§ **Task objective**:
Leaving out the pictures, return word for word the stretch of entries below from the line holding "Moderne witte keuken" through the line holding "Svart t-shirt med".

§ **Records supplied**:
+ + + +
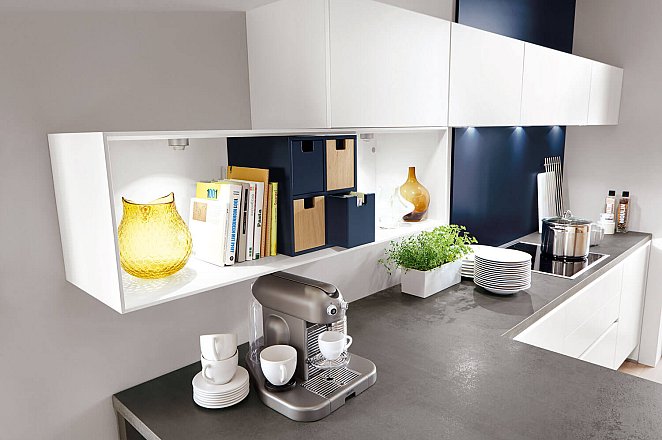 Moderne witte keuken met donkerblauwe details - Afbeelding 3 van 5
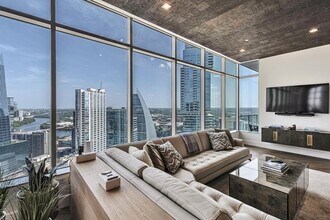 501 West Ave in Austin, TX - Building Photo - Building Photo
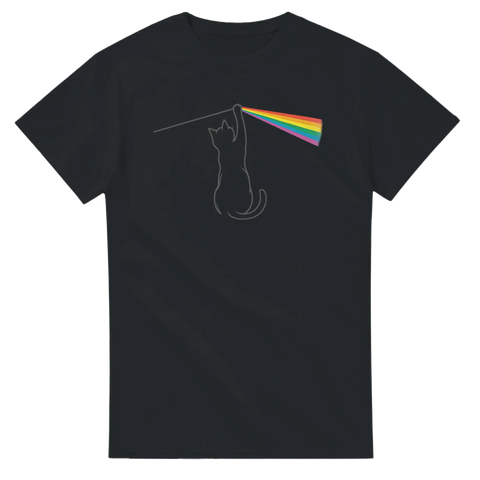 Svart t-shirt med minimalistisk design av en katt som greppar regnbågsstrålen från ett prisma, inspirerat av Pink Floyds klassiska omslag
+ + + +
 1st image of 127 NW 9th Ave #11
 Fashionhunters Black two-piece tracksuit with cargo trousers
+ + + +
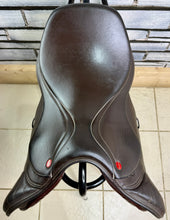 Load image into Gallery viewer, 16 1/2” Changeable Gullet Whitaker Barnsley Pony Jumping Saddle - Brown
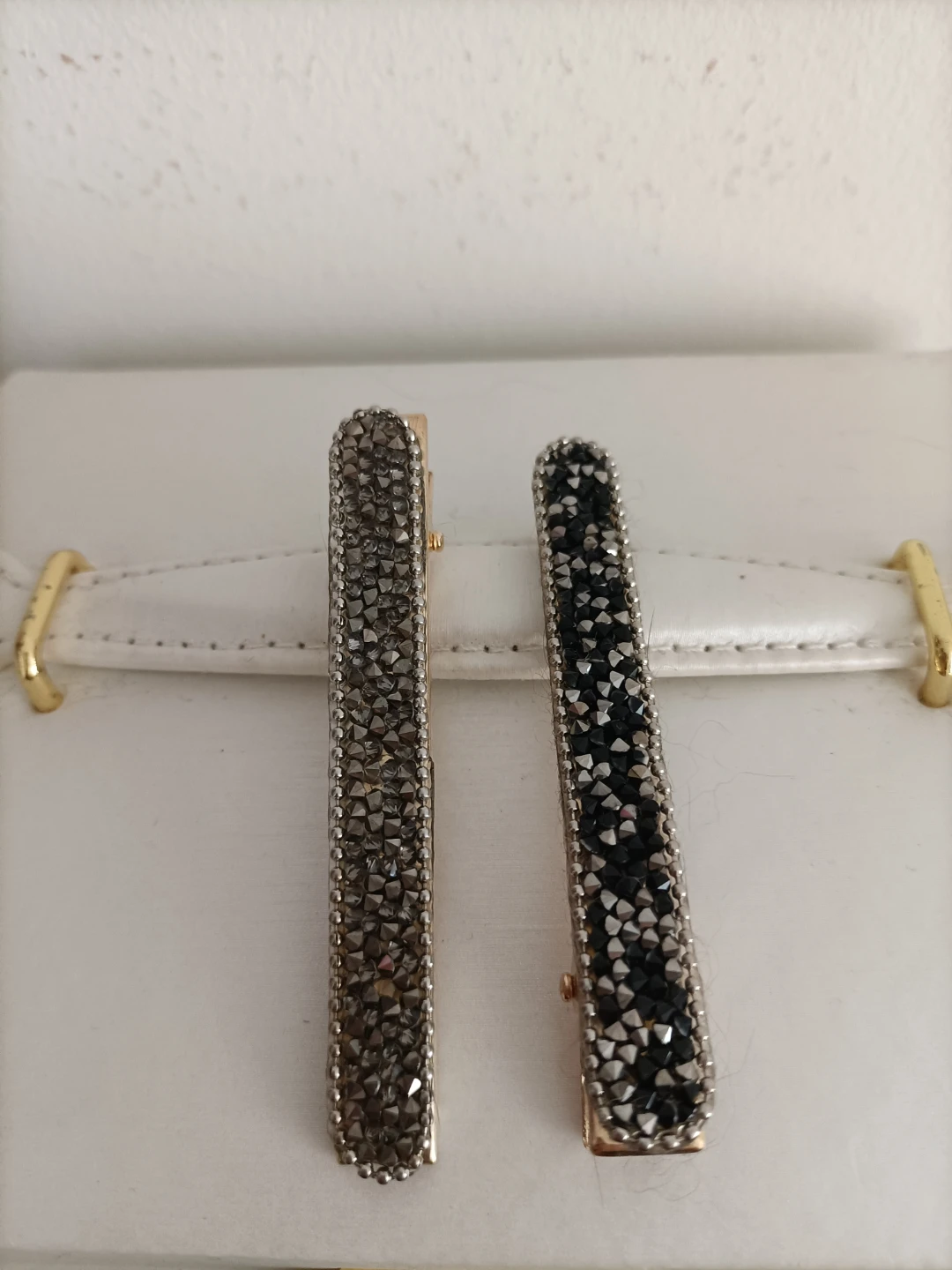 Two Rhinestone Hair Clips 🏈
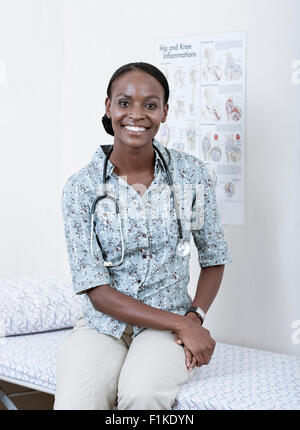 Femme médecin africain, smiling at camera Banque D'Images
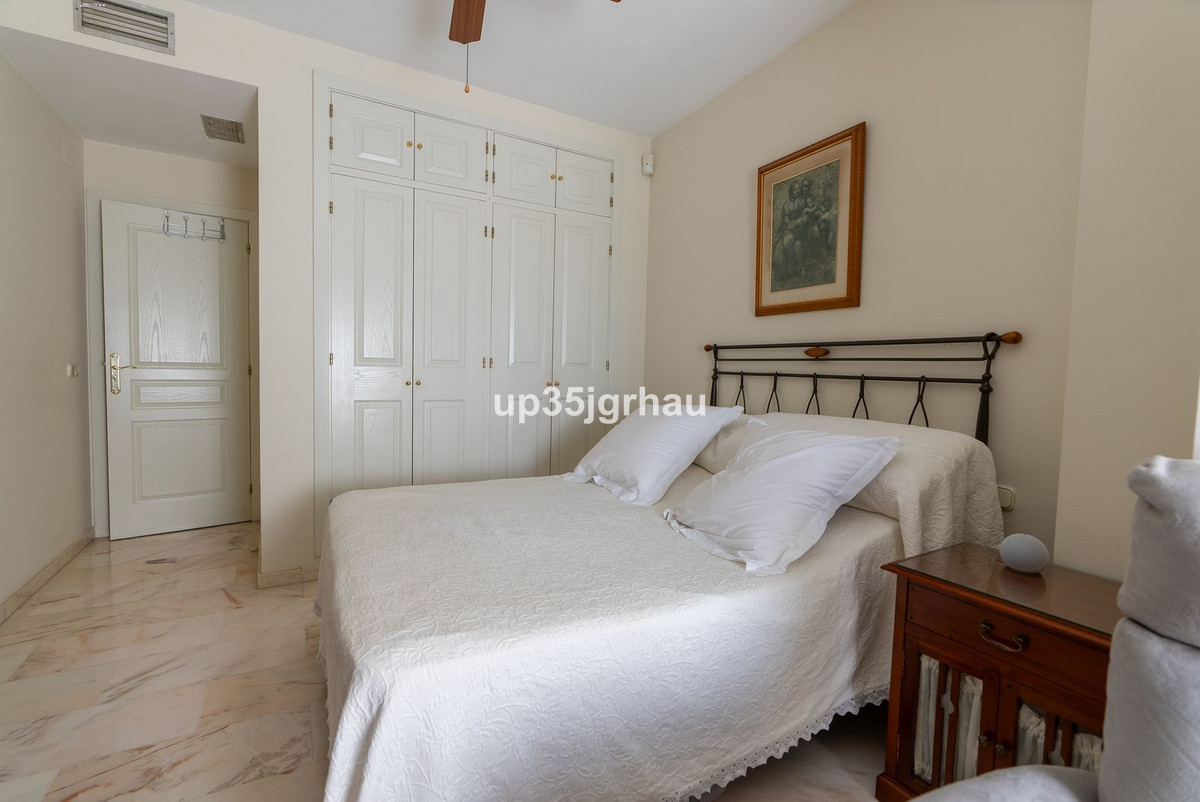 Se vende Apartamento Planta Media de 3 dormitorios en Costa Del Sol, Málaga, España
+ + + +
§ **Answer**:
 Moderne witte keuken met donkerblauwe details - Afbeelding 3 van 5
 501 West Ave in Austin, TX - Building Photo - Building Photo
 Svart t-shirt med minimalistisk design av en katt som greppar regnbågsstrålen från ett prisma, inspirerat av Pink Floyds klassiska omslag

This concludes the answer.